Ayer, casi por casualidad, durante una visita en casa de unos primos, descubrí que uno de sus hijos había logrado la conexión con internet. ¿Qué es lo que he hecho mal? - me pregunté. Al llegar a casa me puse en contacto con Telefónica y …¡haleop!, esta vez lo conseguí. Es verdad que acostumbrada a la banda ancha es como si un jinete que monta un brioso corcel se viese de repente cabalgando sobre una pobre tortuga. Pero… menos da una piedra, como dice el refrán.

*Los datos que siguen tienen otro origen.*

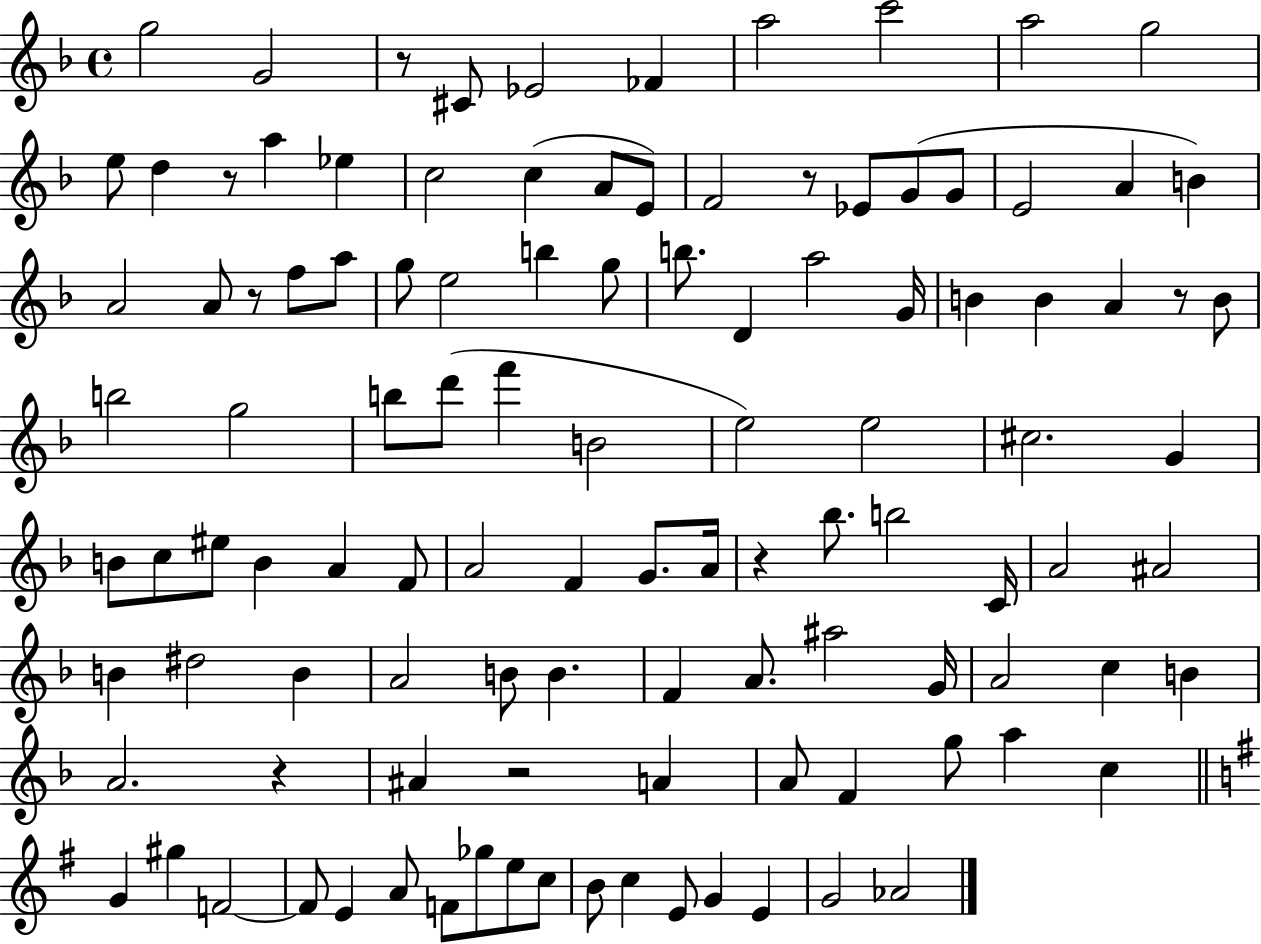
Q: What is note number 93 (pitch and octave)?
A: F4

Así que aquí estoy de nuevo después de mi favorable cura de silencio. De repente el mundo ha vuelto a hacerse más amplio en este pequeño y hermoso rincón.
¡No se oye un alma!

Esto días se celebra aquí la Semana Cultural. Unos días programados con distintas actividades para todos, chicos y grandes, que acuden al pueblo al reclamo de estas jornadas que comenzaron su andadura hace ya 27 años, y que hacen que este pequeño rincón se llene de vida durante unos días.
El dolor por la pérdida de mi marido, su recuerdo constante, hace que este año vea desde fuera cómo transcurre el evento. Cada tarde, en compañía de mi fiel Yako, busco el silencio y la frescura del pinar. Después me traslado hasta la ermita, y allí, leyendo un libro, resolviendo crucigramas o sudokus, o entretenida con el perro que reclama a menudo mi atención, espero el anochecer.

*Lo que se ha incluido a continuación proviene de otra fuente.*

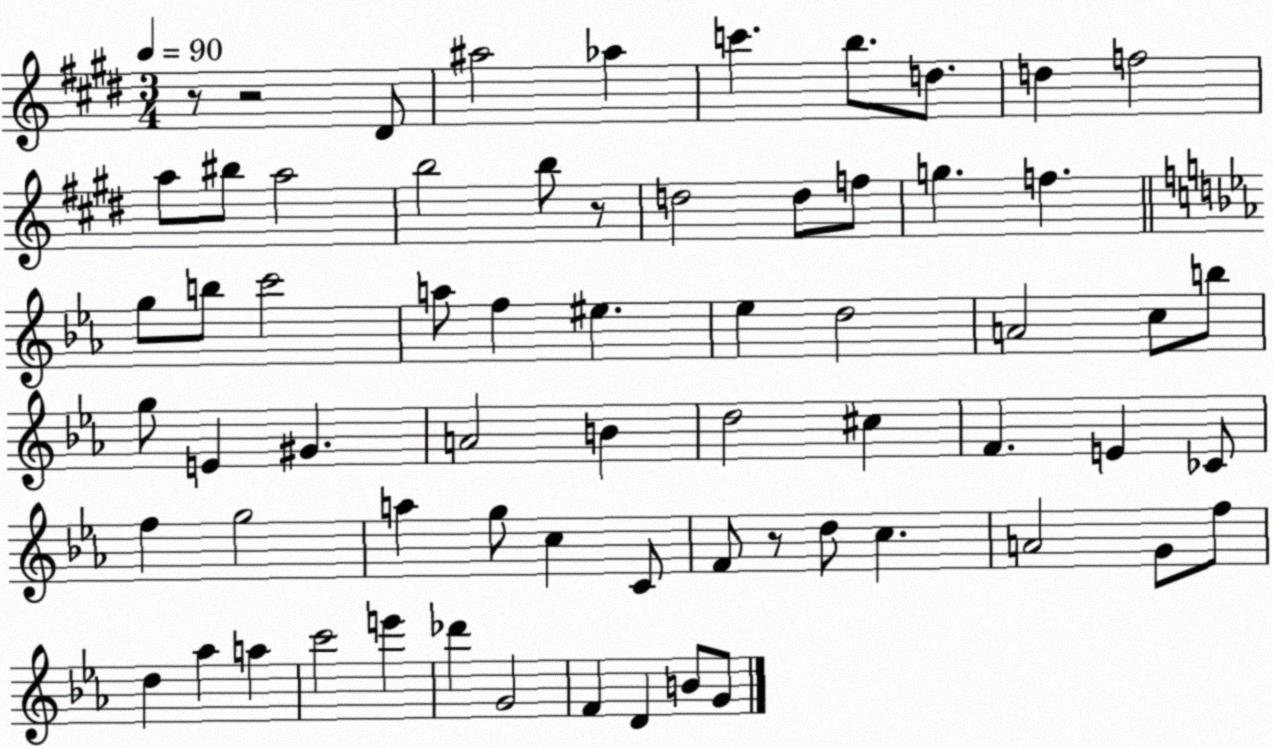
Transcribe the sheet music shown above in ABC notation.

X:1
T:Untitled
M:3/4
L:1/4
K:E
z/2 z2 ^D/2 ^a2 _a c' b/2 d/2 d f2 a/2 ^b/2 a2 b2 b/2 z/2 d2 d/2 f/2 g f g/2 b/2 c'2 a/2 f ^e _e d2 A2 c/2 b/2 g/2 E ^G A2 B d2 ^c F E _C/2 f g2 a g/2 c C/2 F/2 z/2 d/2 c A2 G/2 f/2 d _a a c'2 e' _d' G2 F D B/2 G/2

Hasta allí sube el bullicio del pueblo: los llantos y los gritos de los niños, las voces roncas de los hombres, las otras, más agudas de las mujeres; el estallido de los petardos, que tanto asusta a Yako, los sones del paloteao del pueblo en sus sesiones de ensayo para su actuación en las fiestas del Santo Patrono, el Arcángel San Miguel.
También por las noches, ya entrada la madrugada, llegan hasta mi cama los ruidos de las carreras, las voces y las risas de los chavales jóvenes subiendo y bajando por las calles.
Pero ahora, bien entrada la mañana, el pueblo está silencioso. Sólo se escucha el canto de los pájaros, el motor de algún coche que entra o sale del pueblo, el sonido que el viento arranca de las pequeñas tiras de plástico colocadas en los antepechos de los balcones de mi casa para tratar de evitar los excrementos de las inquietas golondrinas. ¡Con los que yo las quiero, pero a fe que son marranas…!
Me encanta el silencio. Aunque conozco a personas que no pueden soportarlo, como si se tratase de una gran losa que pesara sobre su espíritu dejándolas irritadas, desorientadas y confusas. Casi siento lástima por ellas. Claro que es muy posible que el sentimiento sea recíproco.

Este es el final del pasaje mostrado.